Hello! How can I assist you today?
------------- Inference via MLflow PyFunc -------------
Hello! How can I assist you today?
[6]:
# Optional: Spark UDF inference
show_spark_udf_inference = False
if show_spark_udf_inference:
print("\n------------- Inference via MLflow Spark UDF -------------")
from pyspark.sql import SparkSession
spark = SparkSession.builder.getOrCreate()
udf = mlflow.pyfunc.spark_udf(spark, model_uri, result_type="string")
df = spark.createDataFrame([("hi",), ("hello",)], ["text"])
df.withColumn("response", udf("text")).toPandas()
Explore the MLflow UI
Finally, let’s explore what’s happening under the hood. To open the MLflow UI, run the following cell. Note that you can also run this in a new CLI window at the same directory that contains your mlruns
folder, which by default will be this notebook’s directory.
[7]:
import os
import subprocess
from IPython.display import IFrame
# Start the MLflow UI in a background process
mlflow_ui_command = ["mlflow", "ui", "--port", "5000"]
subprocess.Popen(
mlflow_ui_command, stdout=subprocess.PIPE, stderr=subprocess.PIPE, preexec_fn=os.setsid
)
[7]:
<subprocess.Popen at 0x7fbe09399ee0>
[ ]:
# Wait for the MLflow server to start then run the following command
# Note that cached results don't render, so you need to run this to see the UI
IFrame(src="http://localhost:5000", width=1000, height=600)
Let’s navigate to the experiments tab in the top left of the screen and click on our most recent run, as shown in the image below.

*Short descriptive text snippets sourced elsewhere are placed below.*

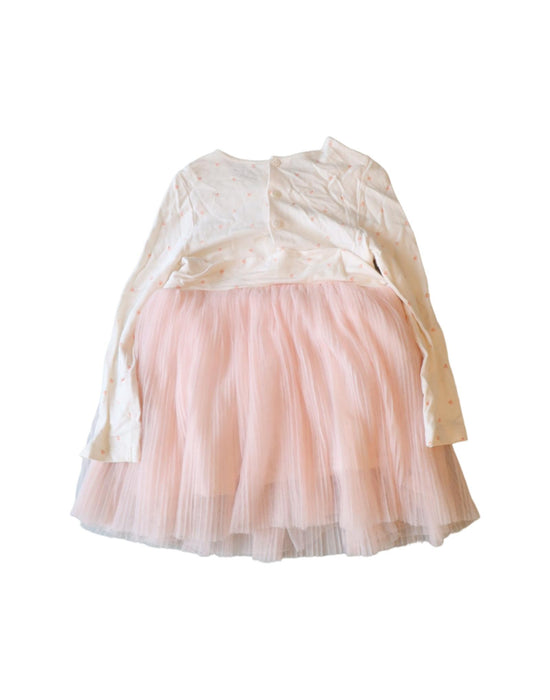 A Pink Long Sleeve Dresses from Momonittu in size 4T for girl. (Back View)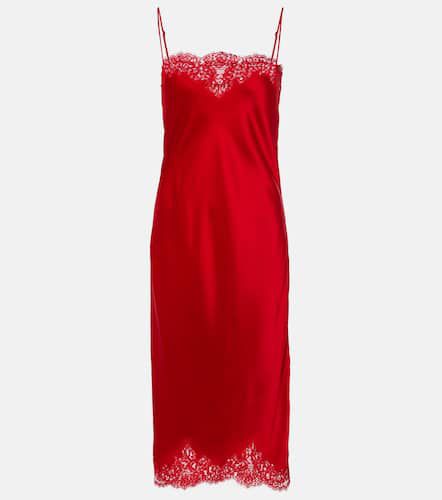 Lace-trimmed satin slip dress - Stella McCartney - Modalova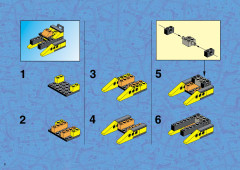 LEGO 6616 instructions page 6 – build guide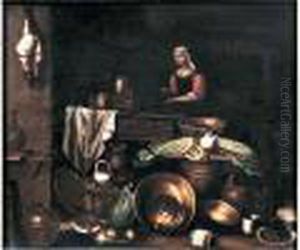(ecole Italienne Du 18eme Siecle) by Gian Domenico Valentino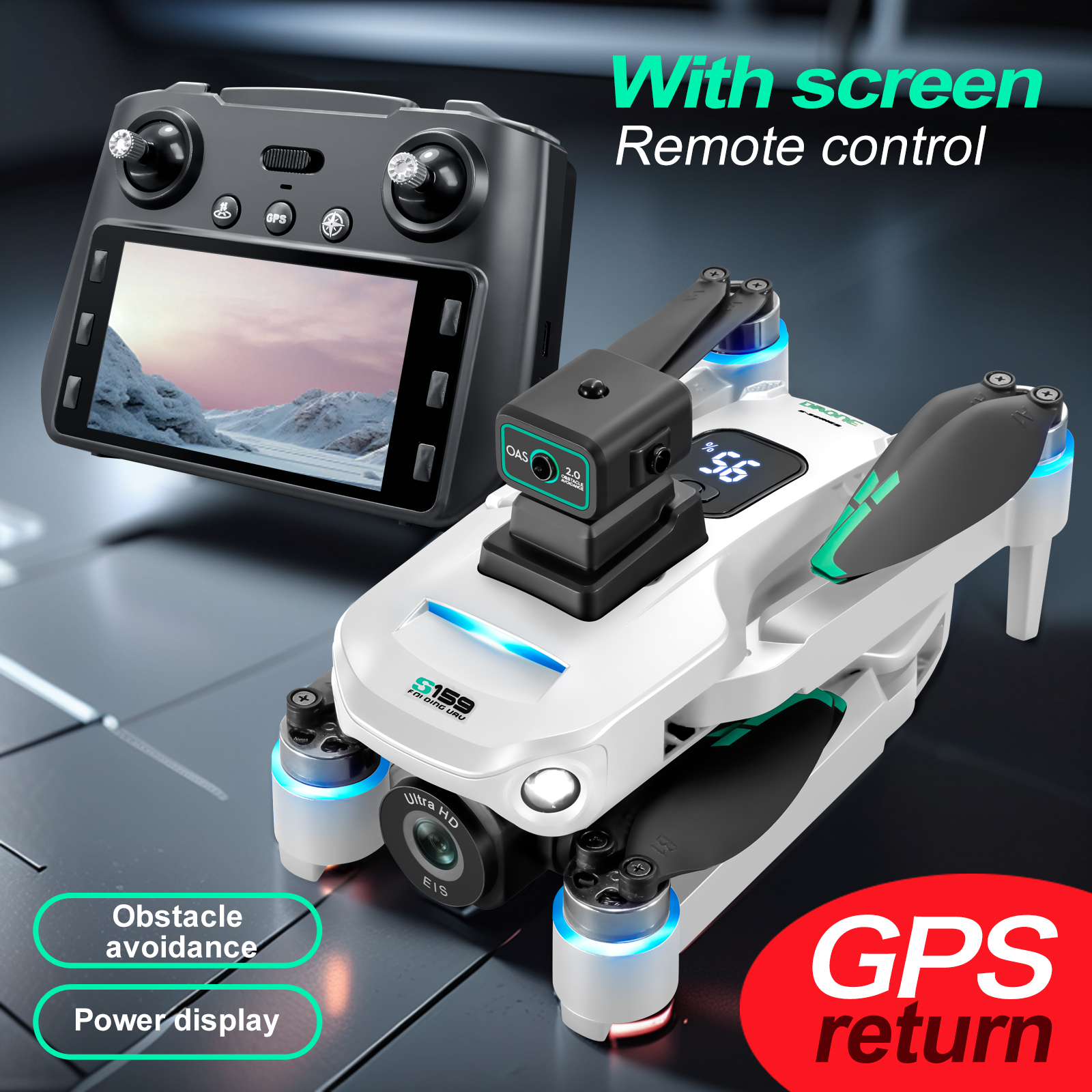 S159 GPS Drone 4K Profesional  - Fpv Drone Charger reseña y precio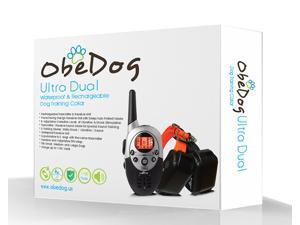 ObeDog 1100 Yards Ultra Dual Rechargeable & Full Waterproof Dog Training Collar with Amber LCD Remote - Vibration / Static Shock / Tone / Locate Training Stimulations for All Dogs ObeDog 1100 Yards Ultra Dual Rechargeable & Full Waterproof Dog Training Collar with Amber LCD Remote - Vibration / Static Shock / Tone / Locate Training Stimulations for All Dogs
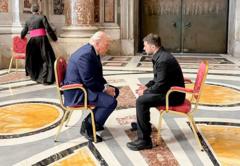 Trump ve Zelenskiy, Papa'nın cenazesinde 'çok verimli' bir görüşme yaptı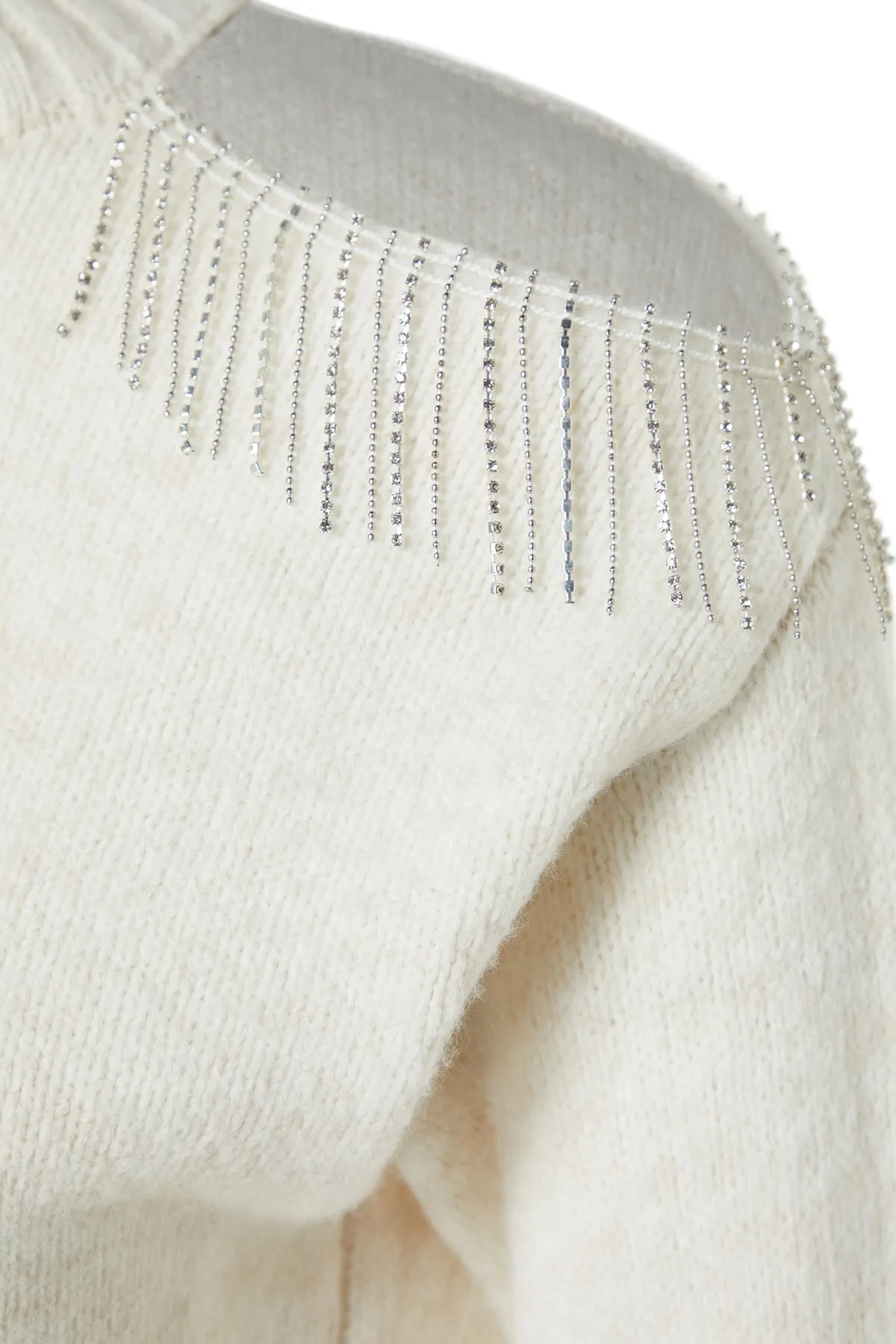 Trendyol Collection  Steinfarbener Strickpullover mit Stehkragen TWOAW24KZ00120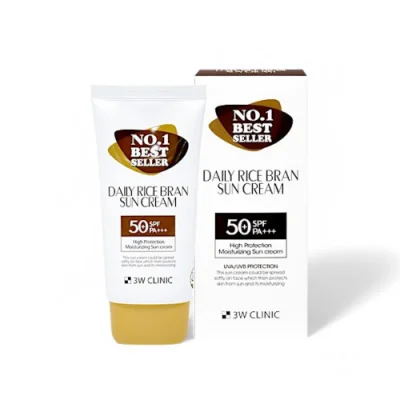 3W Clinic Daily Rice Bran Moisturizing Sun Cream SPF 50+ PA+++ — ছবি 1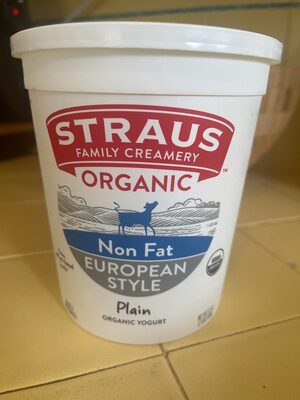 Plain Organic European Style Non Fat Yogurt, Plain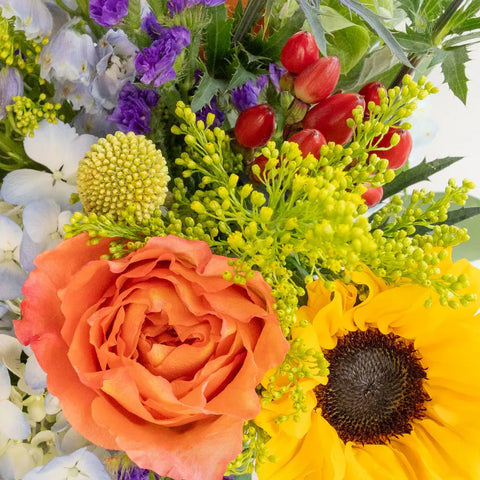 Colorful Meadows Flower Centerpiece Close Up - Image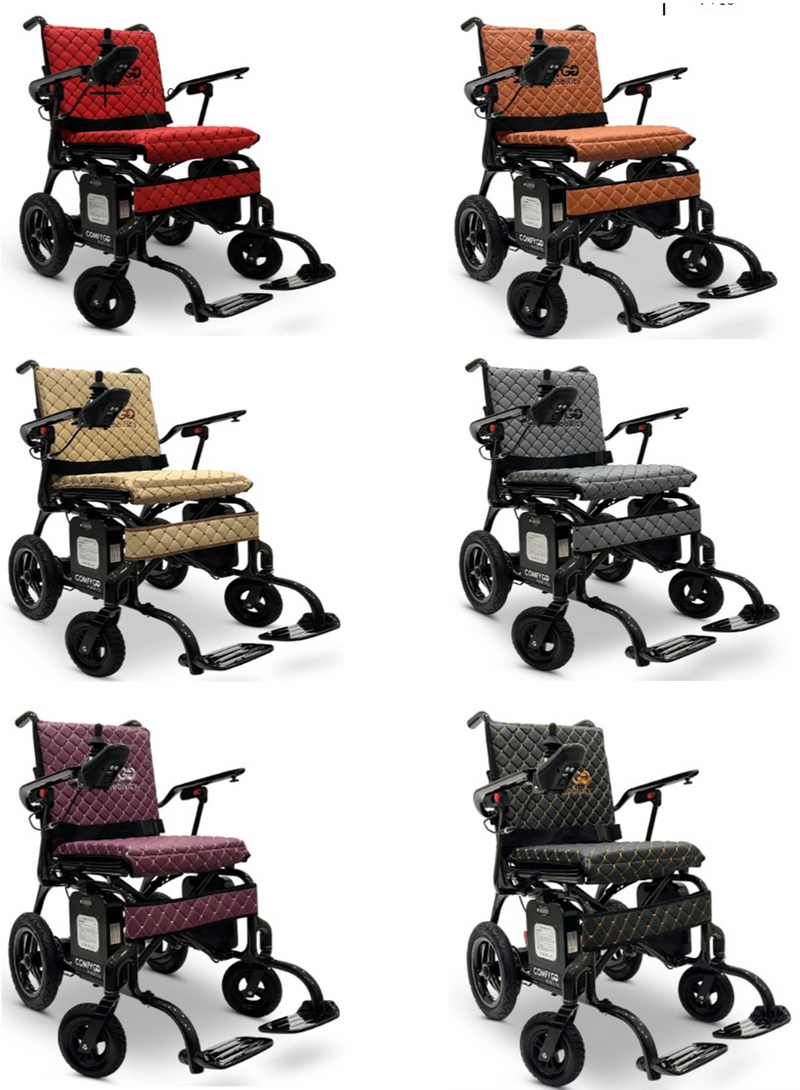 Phoenix Carbon Fiber Electric Wheelchair: Lightweight, Long-Range, Airline Approved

MLflow logs artifacts associated with your model and its environment during the MLflow run. Most of the logged files, such as the conda.yaml
, python_env.yml
, and requirements.txt
are standard to all MLflow logging and facilitate reproducibility between environments. However, there are two sets of artifacts that are specific to LlamaIndex:
index
: a directory that stores the serialized vector store. For more details, visit LlamaIndex’s serialization docs.settings.json
: the serializedllama_index.core.Settings
service context. For more details, visit LlamaIndex’s Settings docs
By storing these objects, MLflow is able to recreate the environment in which you logged your model.
Important: MLflow will not serialize API keys. Those must be present in your model loading environment as environment variables.
We also created a record of the model in the model registry. By simply specifying registered_model_name
and input_example
when logging the model, we get robust signature inference and an instance in the model registry, as shown below.
Finally, let’s explore the traces we logged. In the Experiments
tab we can click on Tracing
to view the logged traces for our two inference calls. Tracing effectively shows a callback-based stacktrace for what ocurred in our inference system.
If we click on our first trace, we can see some really cool details about our inputs, outputs, and the duration of each step in the chain.
Customization and Next Steps
When working with production systems, typically users leverage a customized service context, which can be done via LlamaIndex’s Settings object.